Exercise aim> In the entries below, find the line with "and their phones." and the line with "Wohnzimmer mit Sofa, Sessel". Repeat exactly everything between them, those two lines included, but not the pictures.

Supplied data>
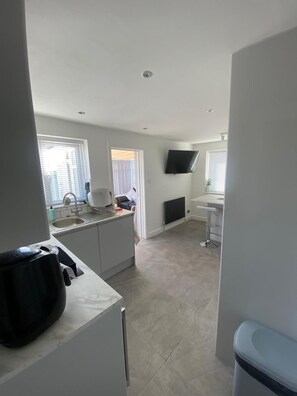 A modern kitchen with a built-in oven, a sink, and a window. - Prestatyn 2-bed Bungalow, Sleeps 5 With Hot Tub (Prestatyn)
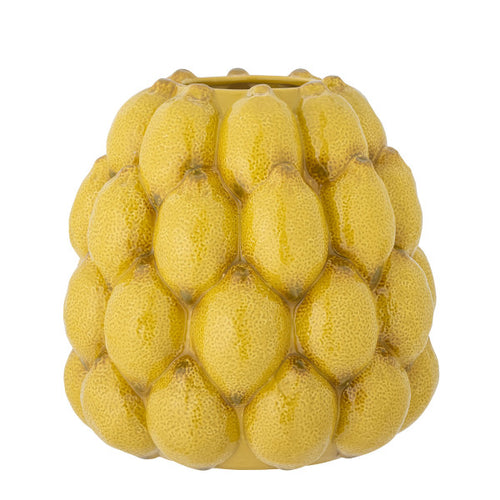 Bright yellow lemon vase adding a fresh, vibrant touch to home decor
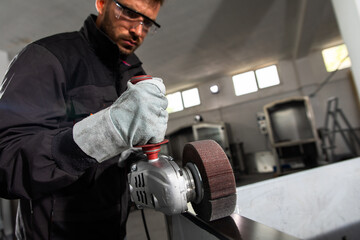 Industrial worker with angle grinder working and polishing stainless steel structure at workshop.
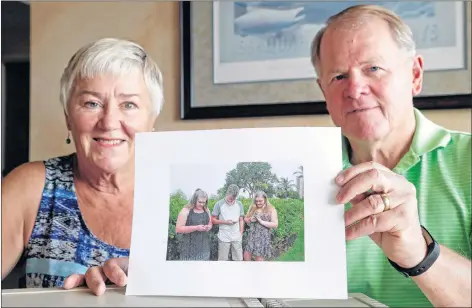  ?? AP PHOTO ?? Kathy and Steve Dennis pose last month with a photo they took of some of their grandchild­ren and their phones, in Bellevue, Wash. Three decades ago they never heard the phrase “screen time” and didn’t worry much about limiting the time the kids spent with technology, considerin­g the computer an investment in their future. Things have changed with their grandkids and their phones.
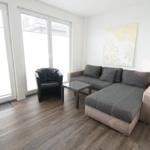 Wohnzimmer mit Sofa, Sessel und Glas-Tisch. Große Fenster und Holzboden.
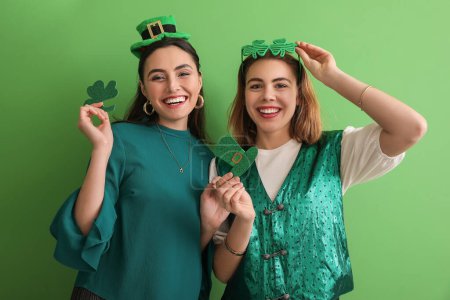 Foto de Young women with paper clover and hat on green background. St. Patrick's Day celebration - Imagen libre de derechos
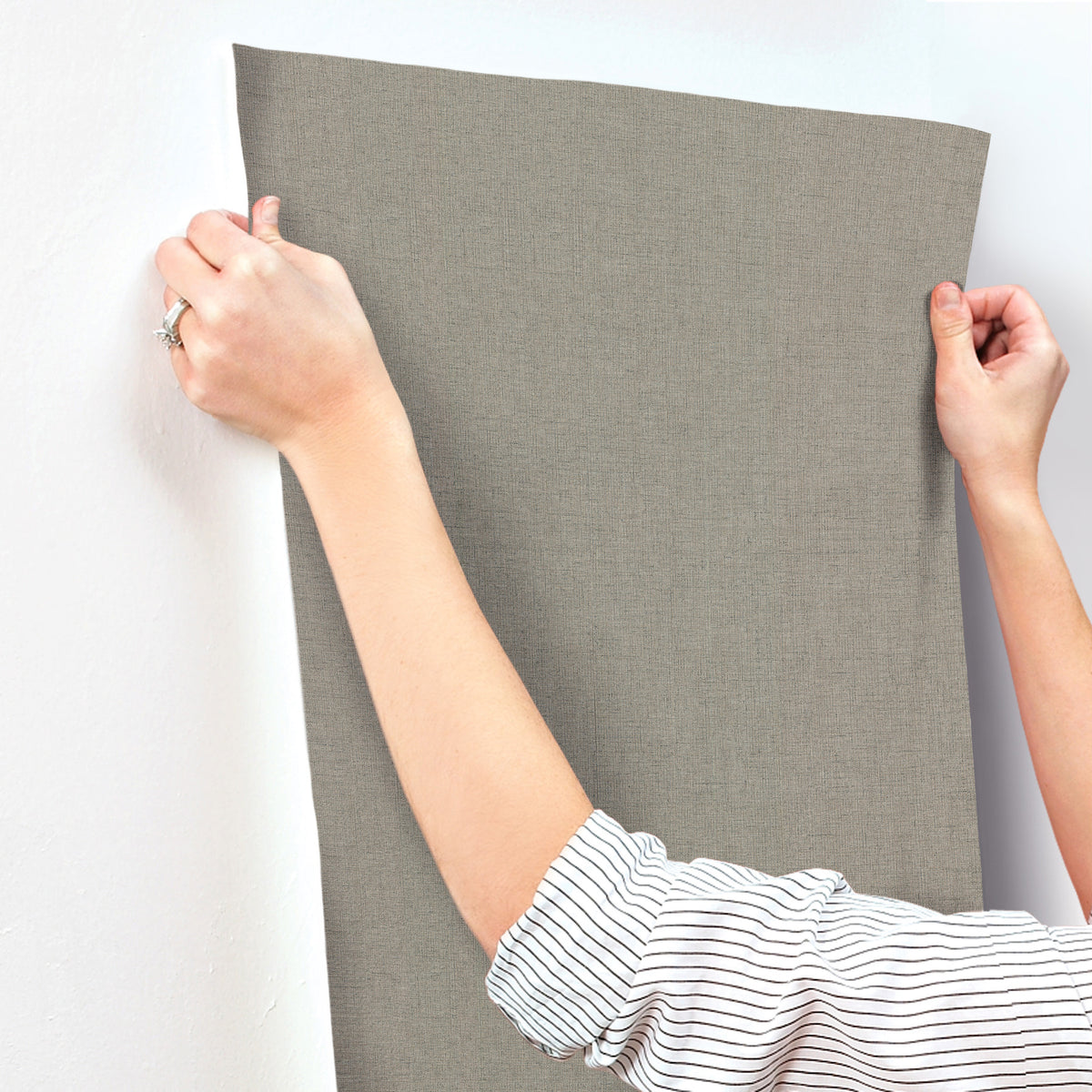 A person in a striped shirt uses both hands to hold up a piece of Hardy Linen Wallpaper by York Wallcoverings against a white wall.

...

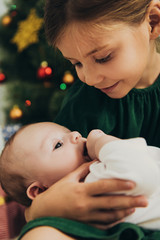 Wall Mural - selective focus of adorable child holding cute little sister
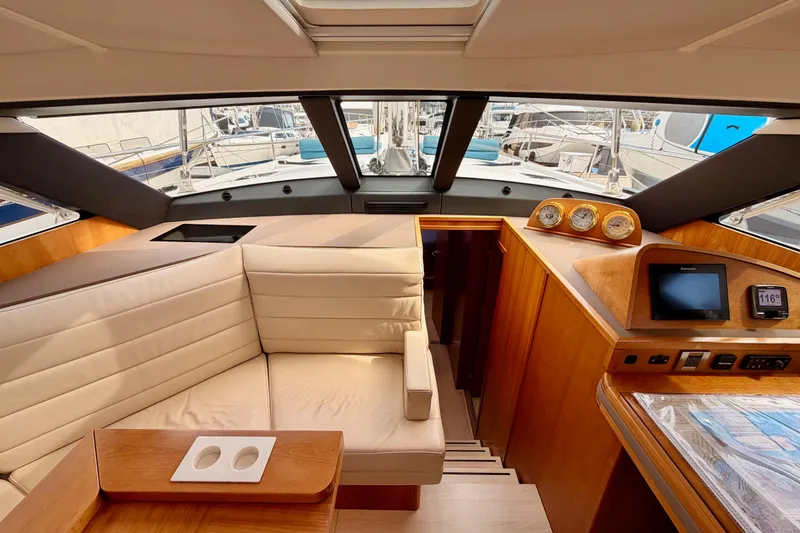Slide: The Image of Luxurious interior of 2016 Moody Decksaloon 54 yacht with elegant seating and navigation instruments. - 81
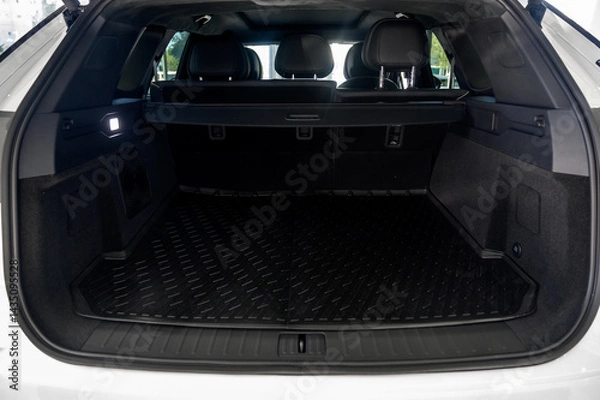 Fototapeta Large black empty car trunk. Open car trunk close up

--

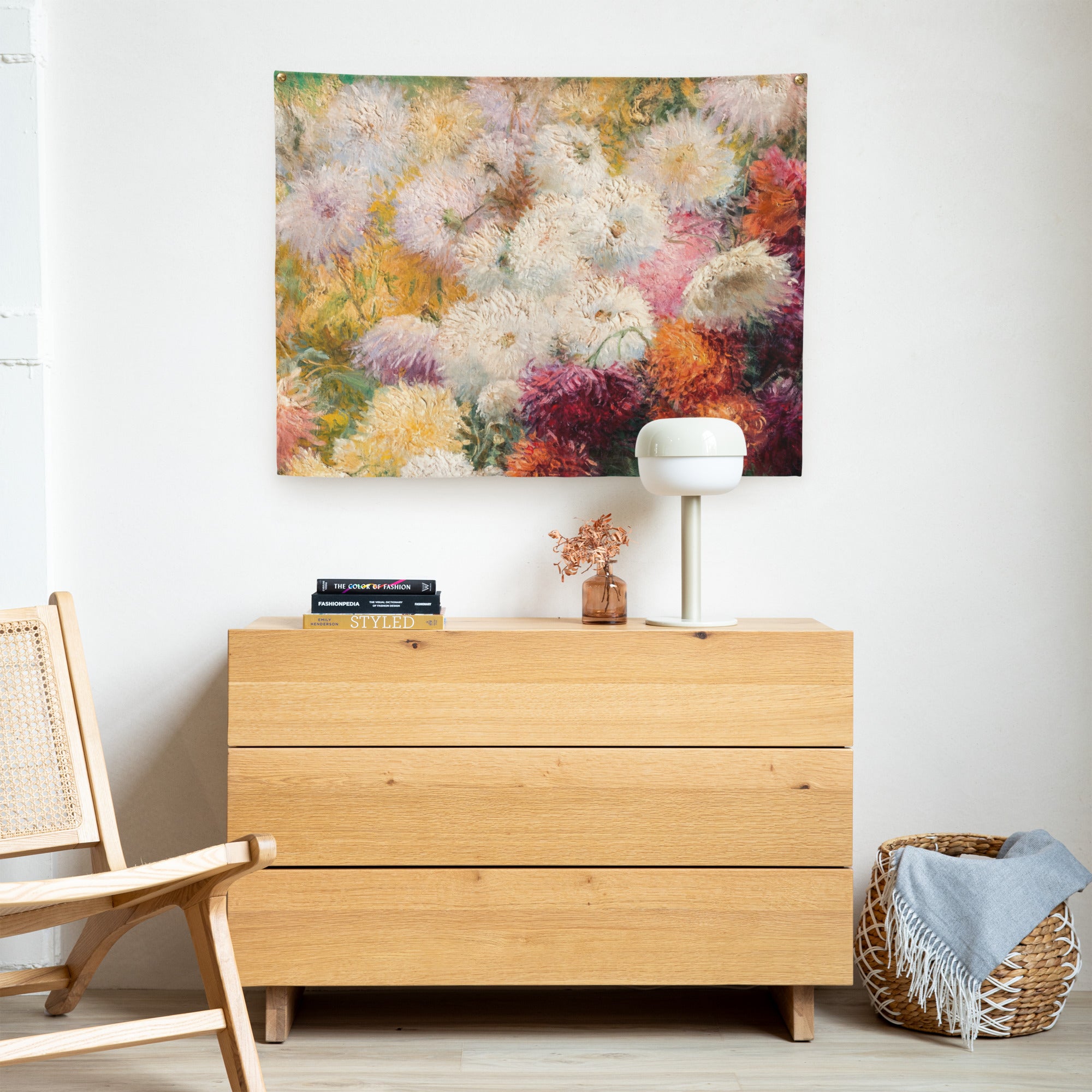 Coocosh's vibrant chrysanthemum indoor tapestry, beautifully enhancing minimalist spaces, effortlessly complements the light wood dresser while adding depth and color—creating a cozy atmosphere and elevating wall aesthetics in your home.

Output below>
  ?? AP PHOTO ?? Kathy and Steve Dennis pose last month with a photo they took of some of their grandchild­ren and their phones, in Bellevue, Wash. Three decades ago they never heard the phrase “screen time” and didn’t worry much about limiting the time the kids spent with technology, considerin­g the computer an investment in their future. Things have changed with their grandkids and their phones.
 Wohnzimmer mit Sofa, Sessel und Glas-Tisch. Große Fenster und Holzboden.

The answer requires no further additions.